Iranian state television published images that it said showed the CIA officers who had been in touch with the suspected spies.
In a statement read on state television, the Ministry of Intelligence said 17 spies had been arrested in the 12 months to March 2019. Some have been sentenced to death, according to another report.
Such announcements are not unusual in Iran, and are often made for domestic consumption. But the timing suggests Tehran could harden its position in a standoff with Western powers which has raised fears of a direct military confrontation.
In recent weeks the United States has blamed Iran for attacks on shipping near the Strait of Hormuz, the global oil trade’s most important waterway, accusations Iran has denied.
The United States and Iran have downed drones operated by the other side and on Friday, Iran captured a British-registered tanker, the Stena Impero, in the Strait of Hormuz. Tehran had previously warned it would respond to Britain’s seizure of an Iranian tanker off Gibraltar on July 4.
There was no immediate comment on the Iranian allegations by the CIA or U.S. officials.
Iran announced in June that it had broken up an alleged CIA spy ring but it was unclear whether Monday’s announcement was linked to the same case.
BRITAIN’S NEXT MOVE
Prime Minister Theresa May’s office has said she would chair a meeting of Britain’s COBR emergency response committee early on Monday to discuss the tanker crisis and the government was expected to announce its next steps in parliament.
As Britain weighed its next move a recording emerged showing the Iranian military defied a British warship when it boarded and seized the Stena Impero, underscoring the challenges Britain faces responding.
Experts on the region say there are few obvious steps London can take at a time when the United States has already imposed the maximum possible economic sanctions, banning all Iranian oil exports worldwide.
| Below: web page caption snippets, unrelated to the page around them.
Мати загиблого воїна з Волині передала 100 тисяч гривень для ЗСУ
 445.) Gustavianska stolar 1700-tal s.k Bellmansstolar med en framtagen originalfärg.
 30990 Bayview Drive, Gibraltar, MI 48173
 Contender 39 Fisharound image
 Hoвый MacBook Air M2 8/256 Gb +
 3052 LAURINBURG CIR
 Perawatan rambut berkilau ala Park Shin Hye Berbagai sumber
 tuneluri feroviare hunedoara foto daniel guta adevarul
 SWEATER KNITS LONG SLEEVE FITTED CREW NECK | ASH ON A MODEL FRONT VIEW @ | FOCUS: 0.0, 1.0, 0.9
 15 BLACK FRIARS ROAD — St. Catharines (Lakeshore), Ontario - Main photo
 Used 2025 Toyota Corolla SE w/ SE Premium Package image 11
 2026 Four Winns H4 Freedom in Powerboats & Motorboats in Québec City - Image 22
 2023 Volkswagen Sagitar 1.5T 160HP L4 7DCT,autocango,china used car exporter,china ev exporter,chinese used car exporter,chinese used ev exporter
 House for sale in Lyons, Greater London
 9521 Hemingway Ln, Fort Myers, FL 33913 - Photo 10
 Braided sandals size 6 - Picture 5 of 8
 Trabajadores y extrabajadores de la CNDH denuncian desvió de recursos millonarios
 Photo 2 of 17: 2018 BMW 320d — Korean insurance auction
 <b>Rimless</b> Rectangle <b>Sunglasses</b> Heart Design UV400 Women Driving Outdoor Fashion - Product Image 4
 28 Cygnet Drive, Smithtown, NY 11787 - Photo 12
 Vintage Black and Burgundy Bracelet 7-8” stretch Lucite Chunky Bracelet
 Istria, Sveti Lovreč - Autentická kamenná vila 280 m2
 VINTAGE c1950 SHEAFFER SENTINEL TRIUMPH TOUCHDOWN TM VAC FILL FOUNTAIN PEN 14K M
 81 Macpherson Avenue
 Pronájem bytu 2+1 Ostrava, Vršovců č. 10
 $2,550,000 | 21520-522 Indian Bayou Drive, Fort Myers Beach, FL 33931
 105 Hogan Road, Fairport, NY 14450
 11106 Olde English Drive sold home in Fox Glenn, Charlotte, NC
Washington imposed the sanctions after President Donald Trump pulled out of a deal signed by his predecessor Barack Obama, which had provided Iran access to world trade in return for curbs on its nuclear program.
European countries including Britain have been caught in the middle. They disagreed with the U.S. decision to quit the nuclear deal but have so far failed to offer Iran another way to receive the deal’s promised economic benefits.
In Tokyo, Prime Minister Shinzo Abe said on Monday that Japan wants to make every effort to reduce tension between the United States and Iran before responding to an expected U.S. request to send its navy to safeguard strategic waters off Iran.
Japanese media have said Washington’s proposal to boost surveillance of vital Middle East oil shipping lanes off Iran and Yemen could be on the agenda during a visit to Tokyo this week by U.S. national security adviser John Bolton.
“We have a long tradition of friendship with Iran and I’ve met with its president any number of times, as well as other leaders,” Abe told a news conference after his coalition’s victory in a Sunday election for parliament’s upper house.
“Before we make any decisions on what to do, Japan would like to make every effort to reduce tensions between Iran and the United States.”
The United States is struggling to win its allies’ support for an initiative to heighten surveillance of vital Middle East oil shipping lanes because of fears it will increase tension with Iran, six sources familiar with the matter said.